-- GIVEN RECORDS --
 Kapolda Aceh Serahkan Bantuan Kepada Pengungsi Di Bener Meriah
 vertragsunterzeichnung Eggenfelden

* * *

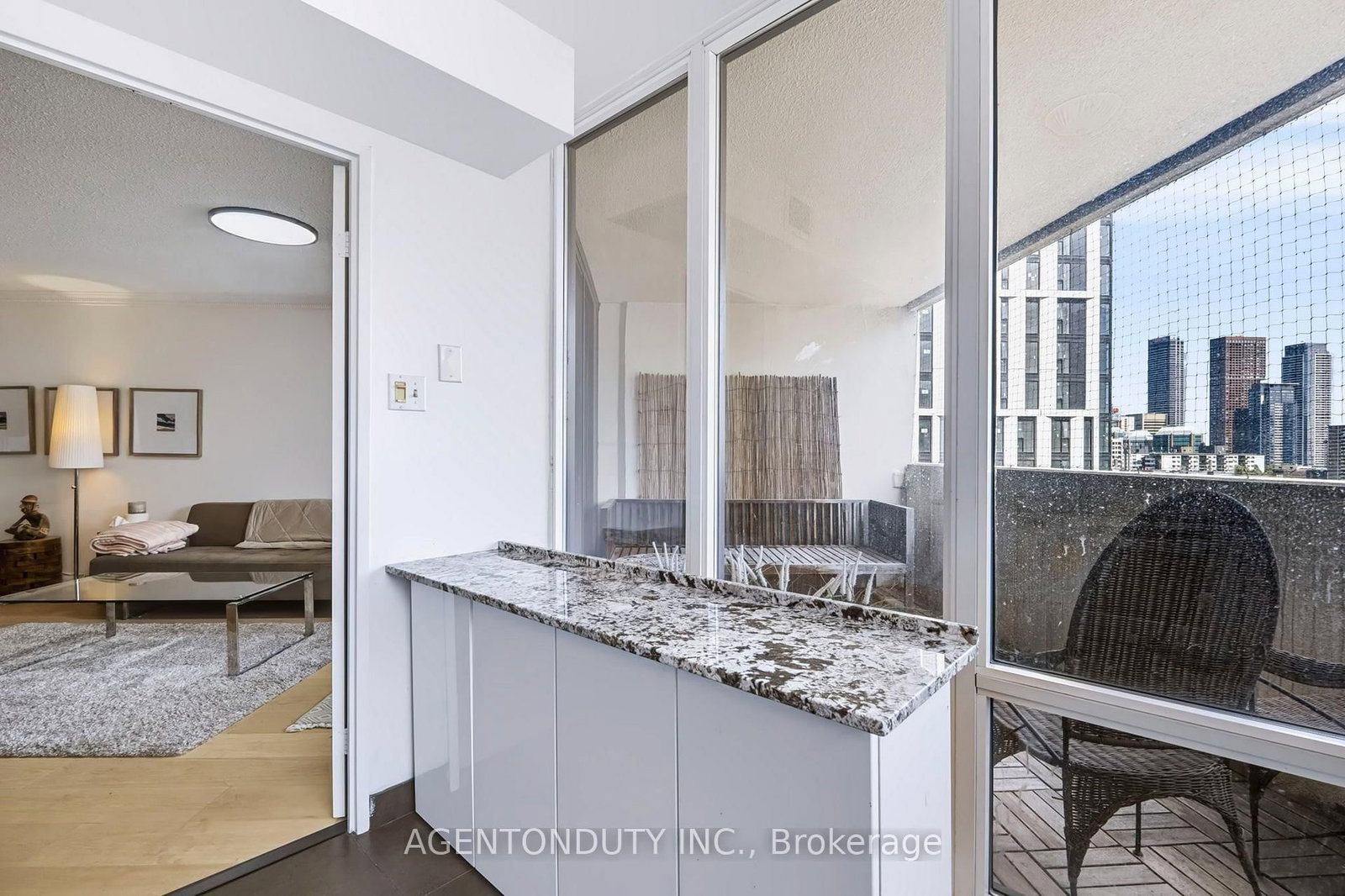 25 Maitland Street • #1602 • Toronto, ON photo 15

...

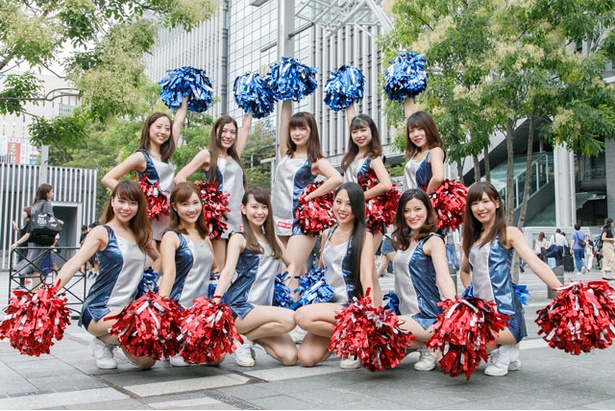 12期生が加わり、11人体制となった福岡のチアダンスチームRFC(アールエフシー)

-- WHAT TO WORK ON --
Look above for the line containing "Kapolda Aceh Serahkan" and the line containing "vertragsunterzeichnung Eggenfelden". Transcribe both, with the lines between them, exactly.

-- ANSWER BOX --
 Kapolda Aceh Serahkan Bantuan Kepada Pengungsi Di Bener Meriah
 vertragsunterzeichnung Eggenfelden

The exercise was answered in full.